§ Data block
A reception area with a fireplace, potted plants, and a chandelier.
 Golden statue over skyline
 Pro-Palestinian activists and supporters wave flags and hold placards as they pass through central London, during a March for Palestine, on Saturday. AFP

§ Task item
From the first line to the last, reproduce the data exactly.

§ Answer below
A reception area with a fireplace, potted plants, and a chandelier.
 Golden statue over skyline
 Pro-Palestinian activists and supporters wave flags and hold placards as they pass through central London, during a March for Palestine, on Saturday. AFP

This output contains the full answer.